Dear @Haroon_954
Complementary to the information provided by @Iris and @mlauber71, I have added to your workflow a simple way of doing variable selection based on a Decision Tree. I guess what you need too is to understand how a DT in particular and a RF in general do variable selection but for this, I believe it is good to start with a Decision Tree since RF are made of Decision Trees.
In the workflow I have:
- Taken your data and trained a DT using your data splitting (70% / 30%)
- Extracted Variables from the DT rules using the -Decision to Tree Ruleset- node
- Counted how many times every variable was employed by the DT. Usually people determine DT variable importance based on at which DT branch level it was used, the highest the most important. It turns out that there is a strong correlation between variable branch level and eventually # of variable occurrences in the DT rule set. Thus you can determine variable importance based on variable occurrence in DT rule set too
- Filtered out variables with occurrence less than 15. This threshold here is set arbitrary but could be estimated too. I’m not adding threshold estimation here to provide you with a first simple solution that you could easily understand to begin with.
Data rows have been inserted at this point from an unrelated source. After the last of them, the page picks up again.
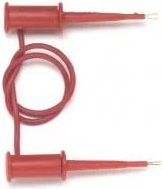 5301-24-0 product photo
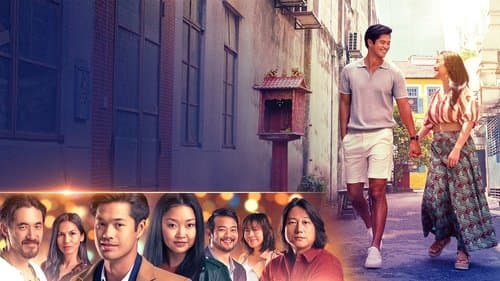 Worth the Wait Bild 1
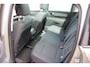 Peugeot 3008 1.6 THP Allure
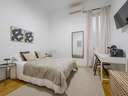 Piso en alquiler en Madrid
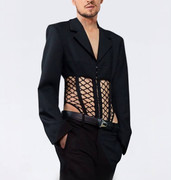 5FB856AF-87B6-4869-91AC-AA6647ACAF37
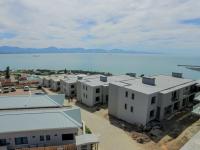 Flat/Apartment for Sale for sale in Mossel Bay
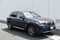 2022 BMW X3 xDrive30i Sports Activity Vehicle South Africa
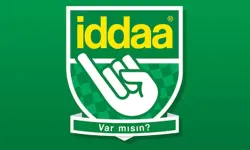 iddaa Üye Ol Adımıyla Bahise İlk Adımınızı Atın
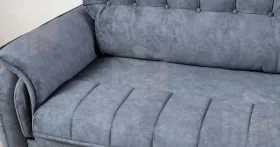 Диван-кровать Дорис  ТД 559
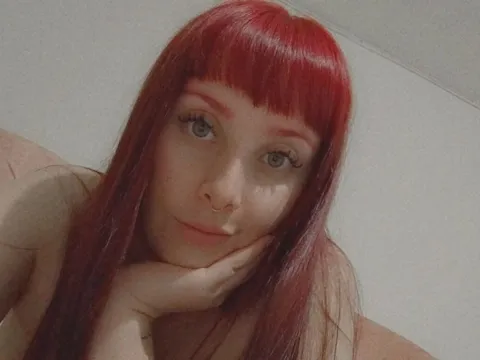 sex video live chat model BonieLoury
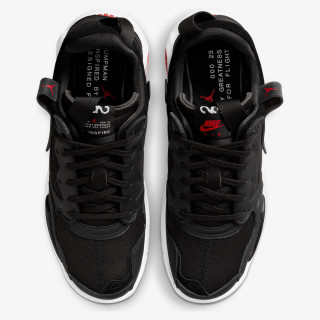 NIKE Спортни обувки Jordan MA2 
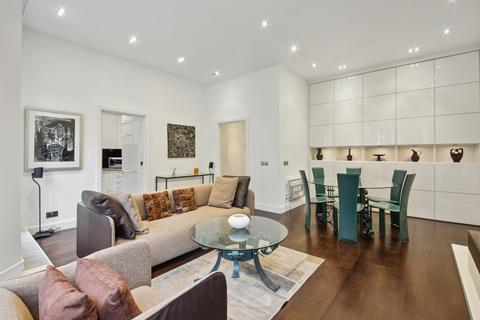 1 bedroom flat for sale, Park Street, Mayfair, London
Using this variable selection, you end up with 11 most important variables in terms of rule set occurrence:

In a second workflow, I filter IN only selected variables to be used to train your RF classifier.
From Scorer results, you can see that using only these 11 variables, you get same statistics performance as when you use the whole 20.
The statistics obtained by the RF remain similar before:
and after variable selection:
This approach can be extended to do Variable Selection using Random Forest instead of a DT but my aim here is to provide you with an example on how to easily achieve variable selection based on a DT, how to extract this information from the DT tree and how to reuse it in a RF.
The whole workflow is here below:
20211229 Pikairos Feature Selection for Random Forest Classification.knwf (877.1 KB)
Hope this minimalist example helps you to understand Variable Selection by DT.
Best
Ael